Três dias depois, seu irmão estava vagando pelo pasto. Ele diz que um israelense conhecido como morador de um dos postos avançados próximos veio em sua direção com 30 cabeças de ovelhas de Shalaldeh. Ele exigiu 1.000 shekels (US$ 263) para seu retorno, dizendo que "a comida para eles custa dinheiro". O irmão de Shaaldeh pagou. Shalaldeh diz que o valor das 170 ovelhas que foram roubadas e não devolvidas é de cerca de 300 mil siclos. Ele apresentou uma queixa às autoridades palestinas e à polícia israelense.

A porta-voz do distrito de Judeia e Samaria da polícia se recusou a responder às perguntas do Haaretz sobre o assunto.

O porta-voz das FDI recebeu a história de Shaaldeh na íntegra, chamando sua detenção de "atraso". As IDF não negaram que ele tenha sido detido em algum lugar perto de Nahaliel e indiretamente confirmaram que aqueles que o detiveram eram colonos locais que haviam sido recrutados para as reservas como parte dos esforços de defesa locais.

"Desde o início da guerra [em Gaza], muitas forças de defesa locais têm operado na área pela qual a Divisão da Judeia e Samaria é responsável por manter a segurança dos civis, incluindo os do Bloco Talmônim", disse o Exército em um comunicado.

Em 23 de março, disse o porta-voz, "as circunstâncias do caso estão sendo examinadas. Qualquer queixa recebida sobre a conduta inadequada dos soldados das FDI, inclusive durante a atividade operacional ou em relação aos detidos, será considerada, como é de costume, e tratada em conformidade."

Ze'ev Hever, chefe do grupo de colonos Amana, confirmou há cerca de três anos o que palestinos e ativistas de esquerda há muito deduziam das evidências crescentes no terreno: que há um método e lógica, bem como instituições por trás dos postos avançados de pastores hebreus em proliferação.

Eles (e a violência que inevitavelmente os acompanha, e com a qual Hever não se relacionava) tornaram-se um meio comprovado de tomar rapidamente vastas quantidades de terras palestinas, muito mais do que as terras que os assentamentos conseguiram se apropriar ao longo dos anos pelos meios tradicionais.
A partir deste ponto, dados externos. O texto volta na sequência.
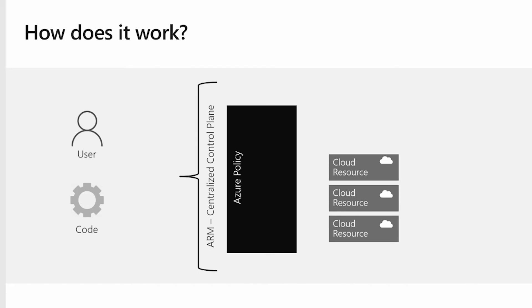Now for most customers, they already have resources in their environment. And for these existing resources, we will run the compliance evaluation to give you a state of compliant, non-compliant, or exempt per policy that you've assigned.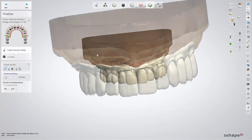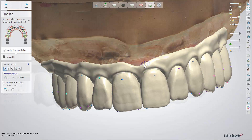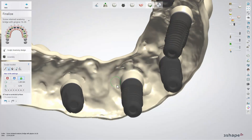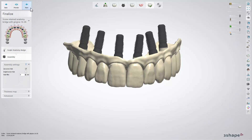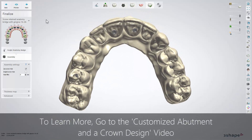At the Finalize step, the teeth and Gingiva are combined. It gives you the chance to make adjustments to the whole design at the same time. Use the Sculpt toolkit tools to do that. Once the modification of your design is finished, go to the Assembly step by clicking next, where the bridge and abutments will be combined and screw holes will be created.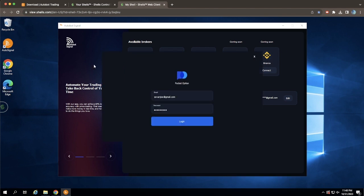Click Connect to link Autobot Trading Signal with your broker account. Simply log in using your broker's email and password, and then wait for a moment.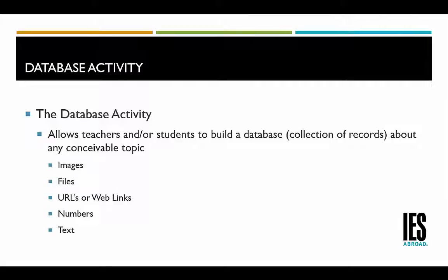The Moodle Database Activity. The database activity allows teachers and/or students to build a database or a collection of records about any conceivable topic.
Não sabemos se os casos recentes de roubo de gado são apenas uma série de incidentes aleatórios de emulação ou um plano consciente. Seja como for, além do assassinato, de todos os ataques violentos, os roubos de gado causam os mais graves danos financeiros aos pastores e suas famílias: o valor de cada animal – entre 2.000 e 6.000 siclos (US$ 533 - US$ 1600) – é fruto dos anos de cuidado e investimento desde o momento do parto.

O pastoreio é um modo de vida que foi preservado e passado de geração em geração, uma fonte de renda e uma caderneta de poupança de toda família que deseja que seus filhos continuem seu caminho ou adquiram uma educação superior. O roubo apaga e tira tudo isso.